Late last week, Beijing made it clear that if anyone “dares to split Taiwan from China, the Chinese Army will definitely not hesitate to start a war no matter the cost”.
The president of Taiwan’s Legislative Assembly, You Si Kun, has warned that his country would not hesitate to use supersonic cruise missiles should China invade the island.
The missile’s newer variant reportedly has an extended range of 1,200 miles (1,900 km), which means it could theoretically strike Beijing, which is located roughly 1,150 miles (1,800 km) from Taiwan.
The Legislative Assembly president also invoked Russia’s on-going special operation in Ukraine, promising fierce resistance.
“The [Chinese Community Party] must cross the Taiwan Strait to attack Taiwan, which is different from Russia’s attack on Ukraine. If you want to land, you will fight on the beachhead. If the landing is successful, everyone in Taiwan must be as determined to die as [in] Ukraine. Go out and never let China swallow Taiwan”, he asserted.
You’s words come after Washington backed Taipei’s assertion that the Taiwan Strait, which separates the island from China, is an international waterway.
Speaking to Reuters on Tuesday, US State Department spokesman Ned Price argued that “the Taiwan Strait is an international waterway, meaning that the Taiwan Strait is an area where high seas freedoms, including freedom of navigation and over-flight, are guaranteed under international law”.

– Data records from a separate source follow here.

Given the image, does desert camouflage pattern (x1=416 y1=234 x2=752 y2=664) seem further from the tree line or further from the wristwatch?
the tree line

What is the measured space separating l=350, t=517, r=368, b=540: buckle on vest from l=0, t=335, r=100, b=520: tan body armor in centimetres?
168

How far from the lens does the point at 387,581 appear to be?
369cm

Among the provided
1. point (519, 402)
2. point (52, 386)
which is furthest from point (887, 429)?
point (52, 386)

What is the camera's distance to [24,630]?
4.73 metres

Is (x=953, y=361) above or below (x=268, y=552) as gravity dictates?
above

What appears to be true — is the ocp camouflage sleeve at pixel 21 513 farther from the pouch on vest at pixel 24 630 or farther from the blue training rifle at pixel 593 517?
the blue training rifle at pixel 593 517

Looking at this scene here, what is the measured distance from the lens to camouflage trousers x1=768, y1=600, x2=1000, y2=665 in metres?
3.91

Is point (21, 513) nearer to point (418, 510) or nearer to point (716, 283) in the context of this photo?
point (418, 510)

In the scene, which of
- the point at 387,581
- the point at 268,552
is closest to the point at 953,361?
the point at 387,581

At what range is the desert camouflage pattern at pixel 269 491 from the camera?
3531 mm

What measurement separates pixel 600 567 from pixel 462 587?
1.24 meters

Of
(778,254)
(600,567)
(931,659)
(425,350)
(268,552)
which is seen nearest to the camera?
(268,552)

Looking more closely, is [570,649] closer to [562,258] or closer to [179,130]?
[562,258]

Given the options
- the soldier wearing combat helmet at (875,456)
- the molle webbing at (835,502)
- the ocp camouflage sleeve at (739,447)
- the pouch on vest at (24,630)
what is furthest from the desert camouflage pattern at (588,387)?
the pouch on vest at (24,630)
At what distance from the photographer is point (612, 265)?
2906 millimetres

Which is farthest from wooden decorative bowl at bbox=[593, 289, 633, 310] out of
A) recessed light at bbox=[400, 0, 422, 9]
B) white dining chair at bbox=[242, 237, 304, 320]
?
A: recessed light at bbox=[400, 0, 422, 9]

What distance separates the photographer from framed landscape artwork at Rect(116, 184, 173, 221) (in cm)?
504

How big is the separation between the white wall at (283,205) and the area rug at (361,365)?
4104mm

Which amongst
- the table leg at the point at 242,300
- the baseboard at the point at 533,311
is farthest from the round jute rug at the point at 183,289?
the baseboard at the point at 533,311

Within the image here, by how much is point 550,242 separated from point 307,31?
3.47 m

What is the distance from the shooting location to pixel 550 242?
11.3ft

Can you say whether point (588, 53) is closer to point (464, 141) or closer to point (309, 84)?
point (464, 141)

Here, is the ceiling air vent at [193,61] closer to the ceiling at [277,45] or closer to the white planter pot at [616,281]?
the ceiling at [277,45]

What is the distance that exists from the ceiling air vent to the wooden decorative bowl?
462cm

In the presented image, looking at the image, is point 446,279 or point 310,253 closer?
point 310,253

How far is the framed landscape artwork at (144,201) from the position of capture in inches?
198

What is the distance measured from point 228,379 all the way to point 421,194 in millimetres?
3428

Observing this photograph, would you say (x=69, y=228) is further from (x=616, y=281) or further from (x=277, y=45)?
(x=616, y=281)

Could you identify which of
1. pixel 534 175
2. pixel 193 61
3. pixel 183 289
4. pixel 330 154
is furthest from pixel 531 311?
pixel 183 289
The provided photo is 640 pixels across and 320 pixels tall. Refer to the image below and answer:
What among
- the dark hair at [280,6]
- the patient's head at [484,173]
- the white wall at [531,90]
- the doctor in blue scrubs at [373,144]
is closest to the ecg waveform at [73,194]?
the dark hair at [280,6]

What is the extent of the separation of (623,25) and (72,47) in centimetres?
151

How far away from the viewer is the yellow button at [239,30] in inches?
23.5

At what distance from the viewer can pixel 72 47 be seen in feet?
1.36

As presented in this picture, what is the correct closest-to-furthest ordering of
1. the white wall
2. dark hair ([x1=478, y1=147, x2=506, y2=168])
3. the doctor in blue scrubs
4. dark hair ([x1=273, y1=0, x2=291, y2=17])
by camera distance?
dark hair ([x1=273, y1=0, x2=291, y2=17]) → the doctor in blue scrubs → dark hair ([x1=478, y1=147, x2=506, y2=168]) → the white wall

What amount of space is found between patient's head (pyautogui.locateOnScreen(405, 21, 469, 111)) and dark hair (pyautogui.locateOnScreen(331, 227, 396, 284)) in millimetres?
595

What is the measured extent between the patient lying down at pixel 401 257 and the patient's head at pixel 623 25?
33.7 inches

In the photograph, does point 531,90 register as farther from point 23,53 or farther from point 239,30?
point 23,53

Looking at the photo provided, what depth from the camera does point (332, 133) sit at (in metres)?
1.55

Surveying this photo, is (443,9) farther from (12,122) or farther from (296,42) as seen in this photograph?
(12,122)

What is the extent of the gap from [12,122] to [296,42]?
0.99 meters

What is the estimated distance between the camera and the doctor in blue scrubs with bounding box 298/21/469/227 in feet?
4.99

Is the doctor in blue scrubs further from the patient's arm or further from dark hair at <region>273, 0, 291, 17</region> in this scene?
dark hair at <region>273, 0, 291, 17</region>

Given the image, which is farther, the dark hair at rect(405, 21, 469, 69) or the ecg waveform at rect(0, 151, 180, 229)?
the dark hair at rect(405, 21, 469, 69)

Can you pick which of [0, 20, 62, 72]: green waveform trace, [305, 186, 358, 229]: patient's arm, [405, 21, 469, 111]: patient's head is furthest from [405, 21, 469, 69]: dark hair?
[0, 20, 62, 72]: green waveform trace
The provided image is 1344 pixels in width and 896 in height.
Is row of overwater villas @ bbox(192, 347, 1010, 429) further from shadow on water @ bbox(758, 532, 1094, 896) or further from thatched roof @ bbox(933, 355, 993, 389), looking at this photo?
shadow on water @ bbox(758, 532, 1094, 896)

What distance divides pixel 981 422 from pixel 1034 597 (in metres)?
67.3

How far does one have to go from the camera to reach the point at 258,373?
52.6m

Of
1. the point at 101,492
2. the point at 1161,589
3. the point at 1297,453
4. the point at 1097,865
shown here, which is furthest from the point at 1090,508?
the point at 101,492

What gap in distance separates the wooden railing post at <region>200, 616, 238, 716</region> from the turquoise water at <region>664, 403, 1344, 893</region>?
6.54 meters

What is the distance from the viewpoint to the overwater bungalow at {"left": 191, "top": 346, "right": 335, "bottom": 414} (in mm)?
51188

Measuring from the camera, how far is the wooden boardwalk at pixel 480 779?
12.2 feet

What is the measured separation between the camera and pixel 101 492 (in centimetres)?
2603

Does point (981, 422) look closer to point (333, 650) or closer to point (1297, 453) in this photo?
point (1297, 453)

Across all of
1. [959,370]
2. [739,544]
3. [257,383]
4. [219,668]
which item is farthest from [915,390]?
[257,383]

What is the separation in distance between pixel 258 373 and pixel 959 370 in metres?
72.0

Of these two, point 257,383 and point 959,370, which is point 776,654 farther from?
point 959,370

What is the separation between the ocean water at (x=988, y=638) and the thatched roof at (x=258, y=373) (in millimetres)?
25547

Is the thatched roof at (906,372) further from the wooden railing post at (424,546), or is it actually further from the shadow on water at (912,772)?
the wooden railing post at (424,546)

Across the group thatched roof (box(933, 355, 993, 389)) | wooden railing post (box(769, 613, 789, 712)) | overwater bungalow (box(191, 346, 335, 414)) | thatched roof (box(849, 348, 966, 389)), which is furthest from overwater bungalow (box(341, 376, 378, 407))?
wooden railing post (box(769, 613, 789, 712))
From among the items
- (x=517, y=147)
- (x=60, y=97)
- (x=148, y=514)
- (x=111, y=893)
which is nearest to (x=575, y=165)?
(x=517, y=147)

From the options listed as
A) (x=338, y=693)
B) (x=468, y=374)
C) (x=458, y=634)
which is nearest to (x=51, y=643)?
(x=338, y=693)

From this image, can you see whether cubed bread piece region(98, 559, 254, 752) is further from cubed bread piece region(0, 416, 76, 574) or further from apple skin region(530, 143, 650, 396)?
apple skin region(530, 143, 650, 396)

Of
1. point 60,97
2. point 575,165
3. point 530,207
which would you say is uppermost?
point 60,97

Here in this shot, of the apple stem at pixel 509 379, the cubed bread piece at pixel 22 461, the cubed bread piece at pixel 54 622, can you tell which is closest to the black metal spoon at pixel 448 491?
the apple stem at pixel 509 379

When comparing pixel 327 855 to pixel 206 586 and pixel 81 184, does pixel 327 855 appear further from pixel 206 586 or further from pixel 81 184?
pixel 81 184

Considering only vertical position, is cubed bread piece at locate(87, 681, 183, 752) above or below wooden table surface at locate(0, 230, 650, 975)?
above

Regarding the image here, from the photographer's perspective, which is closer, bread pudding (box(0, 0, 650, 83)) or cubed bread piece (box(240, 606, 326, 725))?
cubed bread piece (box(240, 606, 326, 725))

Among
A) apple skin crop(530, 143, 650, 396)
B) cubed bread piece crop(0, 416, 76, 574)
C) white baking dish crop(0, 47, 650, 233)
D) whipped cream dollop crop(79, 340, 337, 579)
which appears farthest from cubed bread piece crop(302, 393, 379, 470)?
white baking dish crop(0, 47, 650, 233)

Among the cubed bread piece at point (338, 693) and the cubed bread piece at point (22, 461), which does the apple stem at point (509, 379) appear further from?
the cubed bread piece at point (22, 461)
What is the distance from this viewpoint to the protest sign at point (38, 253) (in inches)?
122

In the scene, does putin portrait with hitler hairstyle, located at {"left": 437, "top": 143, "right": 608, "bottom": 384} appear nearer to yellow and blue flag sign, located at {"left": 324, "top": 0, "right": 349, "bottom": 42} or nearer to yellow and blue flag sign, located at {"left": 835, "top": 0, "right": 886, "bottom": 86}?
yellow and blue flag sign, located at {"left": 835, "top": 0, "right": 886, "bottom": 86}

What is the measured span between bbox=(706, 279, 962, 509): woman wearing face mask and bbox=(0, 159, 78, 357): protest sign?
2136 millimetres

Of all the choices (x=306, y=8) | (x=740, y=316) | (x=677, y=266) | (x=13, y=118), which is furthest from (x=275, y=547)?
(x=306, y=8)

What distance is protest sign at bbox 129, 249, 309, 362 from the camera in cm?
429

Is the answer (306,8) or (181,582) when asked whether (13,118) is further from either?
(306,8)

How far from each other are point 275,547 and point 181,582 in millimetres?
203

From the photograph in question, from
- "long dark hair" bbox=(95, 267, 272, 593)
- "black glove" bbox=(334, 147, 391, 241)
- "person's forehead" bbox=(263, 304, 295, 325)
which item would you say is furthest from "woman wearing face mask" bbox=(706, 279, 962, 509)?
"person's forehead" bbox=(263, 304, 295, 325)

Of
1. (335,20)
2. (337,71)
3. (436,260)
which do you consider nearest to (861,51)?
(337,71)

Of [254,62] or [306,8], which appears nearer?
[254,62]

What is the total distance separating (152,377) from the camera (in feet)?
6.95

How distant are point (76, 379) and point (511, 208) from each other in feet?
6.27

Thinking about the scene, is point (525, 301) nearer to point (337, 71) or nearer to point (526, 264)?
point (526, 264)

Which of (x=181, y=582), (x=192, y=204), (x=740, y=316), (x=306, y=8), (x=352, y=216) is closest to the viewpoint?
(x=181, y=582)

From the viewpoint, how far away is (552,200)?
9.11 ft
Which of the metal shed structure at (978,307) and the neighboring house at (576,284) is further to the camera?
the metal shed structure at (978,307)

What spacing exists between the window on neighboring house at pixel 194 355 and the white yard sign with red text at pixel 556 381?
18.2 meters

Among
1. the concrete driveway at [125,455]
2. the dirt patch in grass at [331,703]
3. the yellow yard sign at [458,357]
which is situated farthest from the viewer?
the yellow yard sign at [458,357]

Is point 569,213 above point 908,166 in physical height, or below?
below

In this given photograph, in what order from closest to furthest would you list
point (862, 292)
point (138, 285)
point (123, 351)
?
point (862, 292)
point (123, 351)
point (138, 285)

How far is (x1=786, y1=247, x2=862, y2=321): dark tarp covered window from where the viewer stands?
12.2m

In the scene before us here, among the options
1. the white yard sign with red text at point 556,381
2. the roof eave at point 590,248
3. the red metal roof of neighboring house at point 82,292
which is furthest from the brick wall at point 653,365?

Price reiterated Washington’s concerns over Beijing’s “aggressive rhetoric and coercive activity regarding Taiwan”, pledging that the US “would continue to fly, sail and operate wherever international law allows, and that includes transiting through the Taiwan Strait”.
His remarks came in response to the Chinese Foreign Ministry arguing that it has sovereign and administrative rights to the Taiwan Strait on Monday.
Beijing spokesman Wang Wenbin insisted that the Taiwan Strait fell within China’s territorial waters and exclusive economic zone as defined by the UN Convention on the Law of the Sea (UNCLOS) and domestic law.
Taiwan, officially known as the Republic of China (ROC), severed all ties with mainland China in 1949 in the wake of the Chinese Civil War, in which Mao Zedong’s communist forces of the People’s Republic of China (PRC) defeated the Kuomintang nationalists and forced them to flee to the island.
With both the ROC and the PRC claiming to be the legitimate government, the UN recognised the PRC as the one and only legal Chinese representative in 1971. China considers Taiwan an integral part of the PRC, sticking to a policy of peaceful reunification under a “One China – Two Systems” model.
Although the US does not have formal diplomatic relations with Taiwan, Washington maintains a representative office in Taipei and remains the island’s biggest supplier of military hardware.
Tensions are fuelled, however, by the US repeatedly sending warships to the Taiwan Strait, with Beijing dubbing such missions provocations and slamming Washington as “the destroyer of peace and stability” and “a security risk creator” in the region.